EM-Kolumne

Wasser trinken und Werbung predigen

Wer macht eigentlich bei dieser Fußball-Europameisterschaft Bandenwerbung? Und warum?

Nicht direkt auf dem Platz, aber immer drumherum: die Bandenwerbung bei der EM
Nicht direkt auf dem Platz, aber immer drumherum: die Bandenwerbung bei der EMimago/Matthias Koch

Berlin-Entscheidend ist auf’m Platz, das ist ja klar, seit der einstige BVB-Star Adi Preißler diese Weisheit der Fußballwelt geschenkt hat. Aber wenn das Geschehen auf’m Platz mal nicht so spannend ist, schweift der Blick doch ab und bleibt bei dem hängen, was sonst noch so zu sehen ist im Stadionrund. Die Bandenwerbung zum Beispiel. Hisense ist da sehr präsent. Der Name erscheint auch bei jeder Einblendung eines Spielstandes auf dem Bildschirm. Hm. Hisense?

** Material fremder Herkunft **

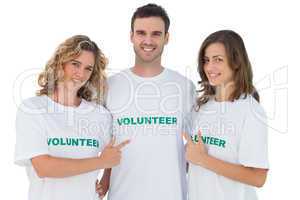 Group of volunteers pointing their tshirt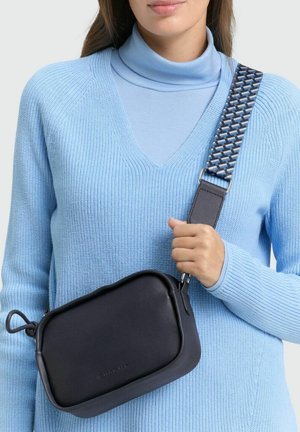 Schwarze, rechteckige Umhängetasche aus glattem Leder. Sie verfügt über einen gemusterten, verstellbaren Gurt und einen abgerundeten Reißverschlusszipper.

Google zeigt: Das ist ein chinesischer Elektronikkonzern, der zu den weltweit führenden Herstellern von Fernsehgeräten zählt. Nach eigenen Angaben ist Hisense die Nr. 1 in China, Australien und Südafrika. Und nun geht es darum, in Europa bekannter zu werden. Daher das Engagement als „offizieller Fernsehausstatter der Euro 2020“. Welche Rolle Hisense Cooling dabei spielt, das auch manchmal an der Bande aufleuchtet, ist nicht klar. Vielleicht der offizielle Kühltruhenausstatter der Europameisterschaft?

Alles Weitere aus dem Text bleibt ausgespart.